Some of our group are planing on going this yr will be 1of them if I can get everything caught up an ready


----------



## sloboy

I'm in!!!!!!


----------



## bruterider27

I'll be there well that's the plan anyways. We need to try and meet up I'll be with a small group everyone I used to ride with has started getting out of all the riding and I'm needing to meet some new people to ride with!


----------



## Stimpy

I'm goin. Tuesday to Sunday. Will be my 4th year.


Sent from my iPhone using Tapatalk


----------



## J2!

Yeah we can all get together for a ride one evening. Looks like we will be flying the mimb banner so just look for it.


----------



## Polaris425

The MIMB Banner is on it's way to J2... he should have it middle of this week.


----------



## Lsu524

Hey post some pics of it when you get it in!!!


----------



## J2!

Looks like plans have changed again. Gonna be going by myself now. Anyone wanna meet up and travel and camp together ?? If I can't find at least one or two people that wanna camp then I might change plans.


----------



## J2!

I never would have thought it would be so hard to find people to go ride and have a great time. One buddy of mine brought up RYC the week before mud nats, they are having trucks gone wild. He was one that was goin to nats with me but has a wedding to go to that weekend, so he mentioned maybe him and I going there instead. It's pretty much the same distance from here to there as it is Texas, so can anyone give me a little info on the park, is it worth driving that far ?? Can we get in early like before they open for the event that Friday ?? Don't wanna drive that far and only stay two nights. Would like to stay at least four nights.


----------



## J2!

Pic of the Banner. As of right now I'm still gonna make the trip and will be camping on the hill by the back gate. Still going solo right now so look for the banner and stop by and say hi, I'ma need some people to ride with !!


----------



## Dozer600

Ill be there Tue morning. Out crew running short this year so only a few of us. Not sure where we camping at yet but more than welcome to join up!


----------



## Stimpy

J2 I'm close to the same boat, just me and my sis and her boyfriend coming. Got another group from up north supposed to meet up with us.


Sent from my iPhone using Tapatalk


----------



## J2!

When are yall getting there and where do you plan to camp at ?? Last plan for me was to meet up with Daniel "Sloboy" on here as I was going through Mississippi but that fell through cause he has to go back to work a week early. So now I'm back to square one going by myself. I always camp on the hill by the back gate because there is ALOT less traffic up there and much quieter. I am planning on leaving around 2am Tuesday morning which will put me getting there somewhere around 2pm that afternoon.


----------



## Stimpy

We're planning about the same, I'm in NE MS so if we're rolling by 3 am it'll put us there around 9 to 10 am. I've always camped just up from the ice trailor on top of the hill between the two roads but I'm open to any other spots. We've had bad luck getting circled in up there.

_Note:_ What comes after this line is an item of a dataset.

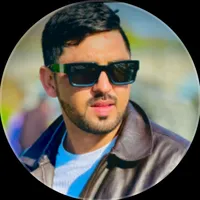 original sound - juttisback1454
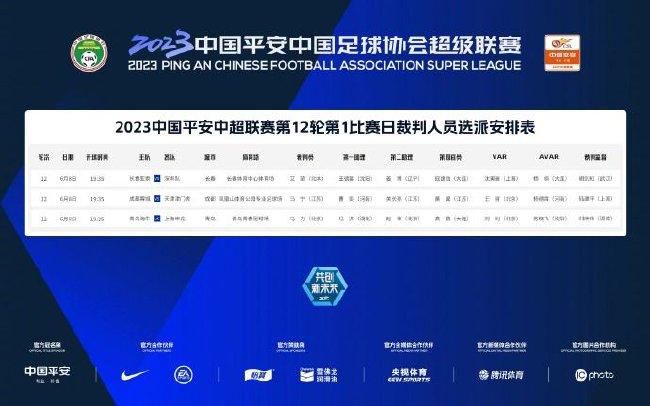上瘾11集大尺度未删减版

Sent from my iPhone using Tapatalk

---------- Post added at 09:32 AM ---------- Previous post was at 09:32 AM ----------

So sloboy isn't goin to make it at all?


Sent from my iPhone using Tapatalk


----------



## J2!

Nope he ain't gonna make it. He said he has to go back to work a week earlier than he thought he did. Yeah we have gotten circled in too but heck that happens everywhere out there, I try to pick a spot where they can't block me in like that. But I have went to sleep and there was no one around me, woke up the next morning and I was completely crowded from all sides, like people 20' away. HAHA Sucks too cause I like to take it easy on Saturday nights and get up to head out early on Sunday morning since it's a 12 hour drive for me, and most people are still passed out at that time. lol If I can't find a spot up by the back gate I was thinking about camping back where you go left at the ice trailer in there somewhere. I'm still suppose to be getting back with Jody from Outkast Fabworx and see where they are camping at, he said I was welcome to camp with them if I wanted to, he said to call him the Monday before and see what their plans are. Not sure how that will work out......None the less yall will be getting there a few hours before I will so maybe we can just swap numbers and we can get in touch with each other that Tuesday. I'll have my camper so I will have some extra sleeping spots if people need it. Shower and bathroom too. LMAO


----------



## Stimpy

Shower and bath would be nice lol. We're taking a inclosed trailer at the moment. It's around 6-7 hour trip for us.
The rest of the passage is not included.